Tamir Rice’s Mom Calls It ‘Quite Sad’ That LeBron James Won’t Speak Out About Her Son

LeBron James
The Associated Press

The mother of a Cleveland boy killed by a policeman who believed he carried a gun says LeBron James not speaking out about a grand jury failing to indict the two cops who encountered him in his last moments of life upsets her.

“I think it’s quite sad that LeBron hasn’t spoken out about my son,” Samaria Rice told NewsOne.

But James says he knows little about Tamir Rice’s case and feels comfortable speaking only when he fully understands the story.
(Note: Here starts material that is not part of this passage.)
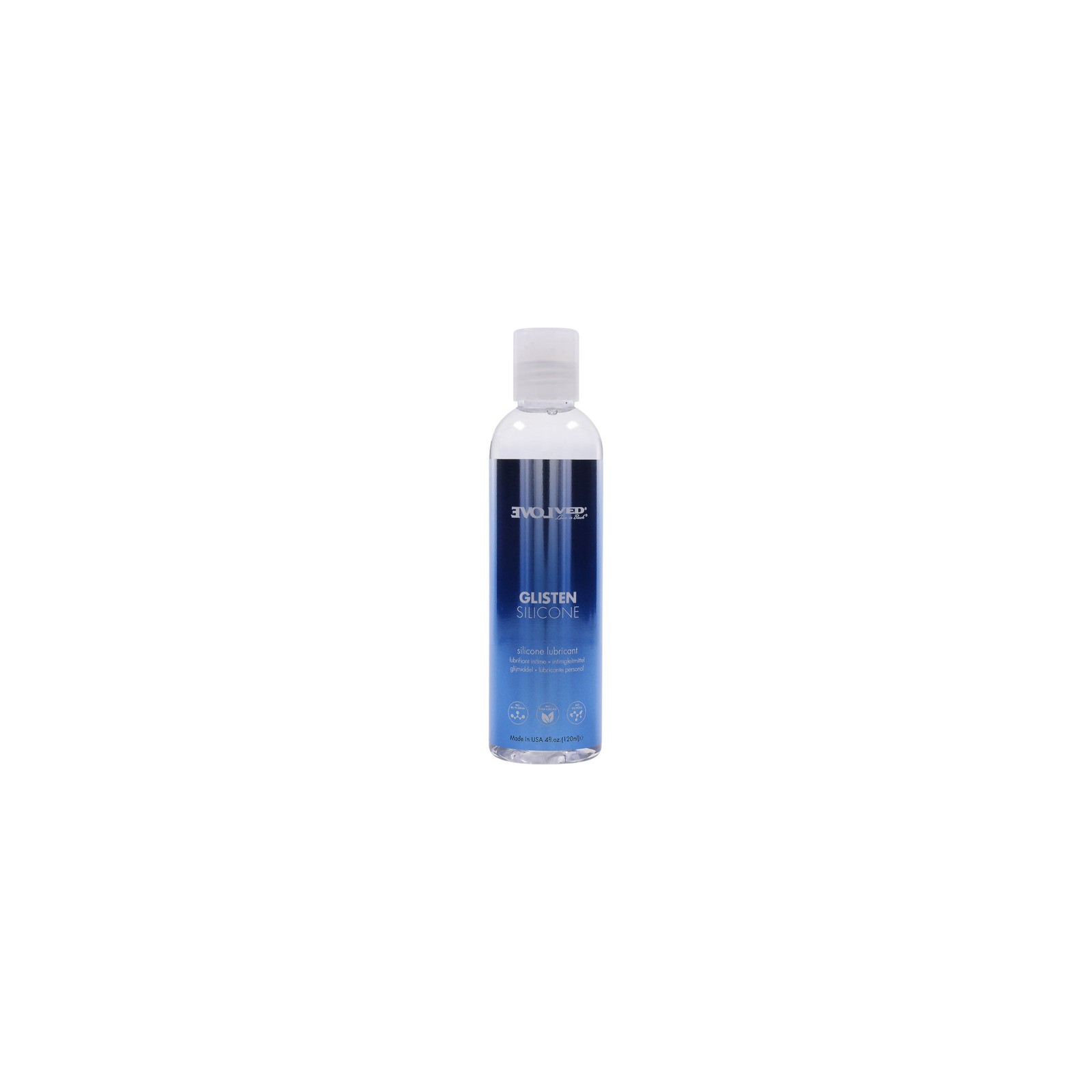 Evolved Glisten Silicone Lubricant for Enhanced Intimacy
“For me, I’ve always been a guy who’s took pride in knowledge of every situation that I’ve ever spoke on,” James explained to the media late last month. “And to be honest, I haven’t really been on top of this issue. So it’s hard for me to comment. I understand that any lives that [are] lost, what we want more than anything is prayer and the best for the family, for anyone. But for me to comment on the situation, I don’t have enough knowledge about it.”

On November 22, 2014, two Cleveland police officers responded to a report of someone waving a gun around a park. The cops drove upon 12-year-old Tamir Rice, and a rookie police officer fatally shot him. The police discovered the boy actually wielded an Airsoft gun with the orange tip removed. A grand jury judged the evidence in the case, which includes video, not sufficient enough grounds for indictment.

“I’m not asking him to sit out a game,” Ms. Rice explains. “I know his kids got to eat too, but you could at least put a shirt on or something.”

A social-media movement launched last month demanding that James boycott basketball until the police involved in the child’s slaying face a trial. The hashtag “NoJusticeNoLeBron” blasted James for ignoring their cause.

James had earlier spoke out in the Trayvon Martin case and wore an “I Can’t Breathe” shirt in response to loose-cigarette salesman Eric Garner’s fatal heart-attack that occurred while police handled him roughly. His willingness to speak publicly about such politicized tragedies, and the success of the boycott of the University of Missouri football team in forcing the school’s president to resign, caused activists to believe James might corrupt his position as a basketball player to again play politics.

But James remains largely mute on the controversial shooting that happened in the city where he plays basketball.

Ms. Rice says she merely wants athletes to “make a statement for us black people out here.”